*Data segment*

= = = =

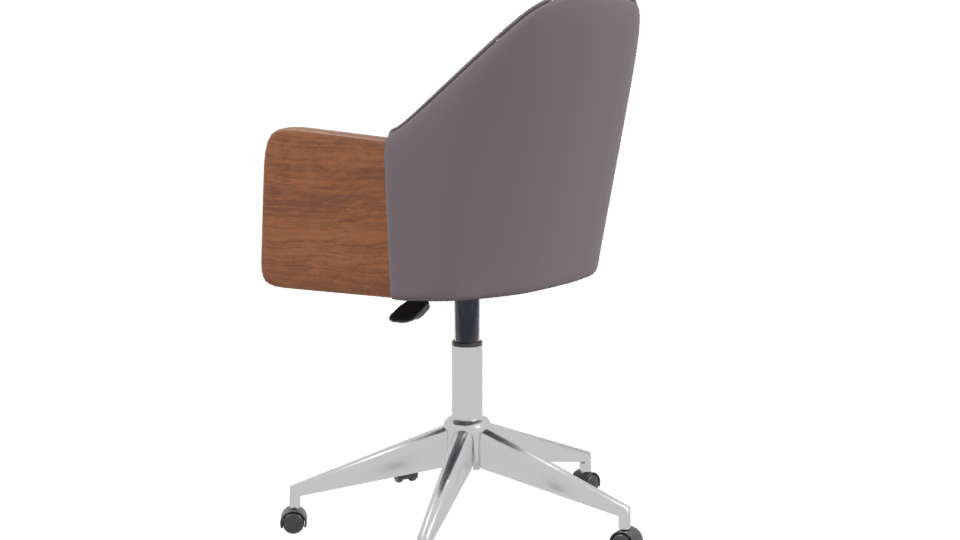 Stylish Modern Office Chair 3D - Professional 3D Model Render 3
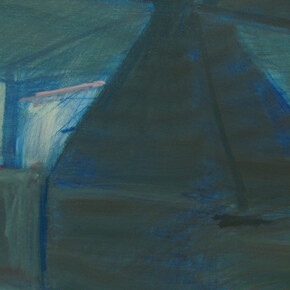 Room 1, oil on wood panel, 40 x50 cm, 2020. Courtesy of Kalfayan Galleries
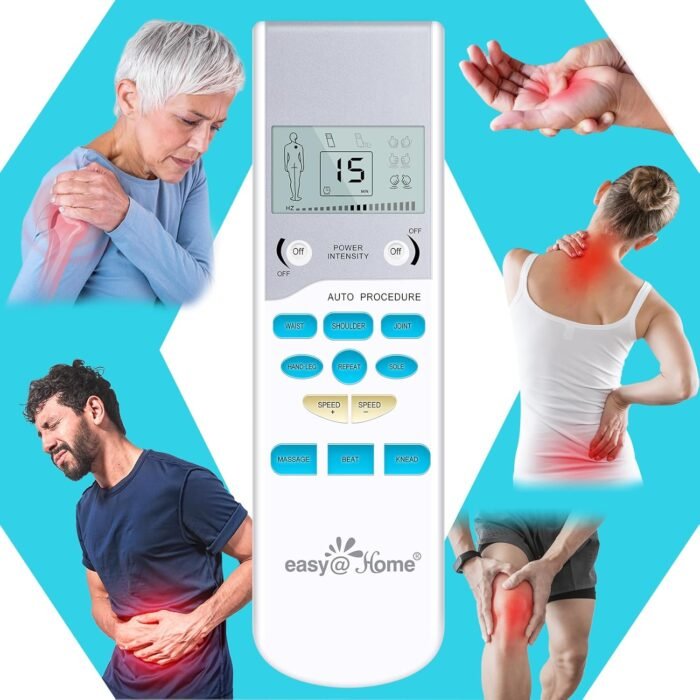 Easy@Home TENS Unit Muscle Stimulator - Electronic Pulse Massager, 510K Cleared, FSA Eligible OTC Home Use Handheld Pain Relief Therapy Device-Pain Management Machine Gift for Mom Dad - EHE009 - Image 6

= = = =

*The problem*
Give back each line above verbatim, dropping every picture.

*Expected answer*
 Stylish Modern Office Chair 3D - Professional 3D Model Render 3
 Room 1, oil on wood panel, 40 x50 cm, 2020. Courtesy of Kalfayan Galleries
 Easy@Home TENS Unit Muscle Stimulator - Electronic Pulse Massager, 510K Cleared, FSA Eligible OTC Home Use Handheld Pain Relief Therapy Device-Pain Management Machine Gift for Mom Dad - EHE009 - Image 6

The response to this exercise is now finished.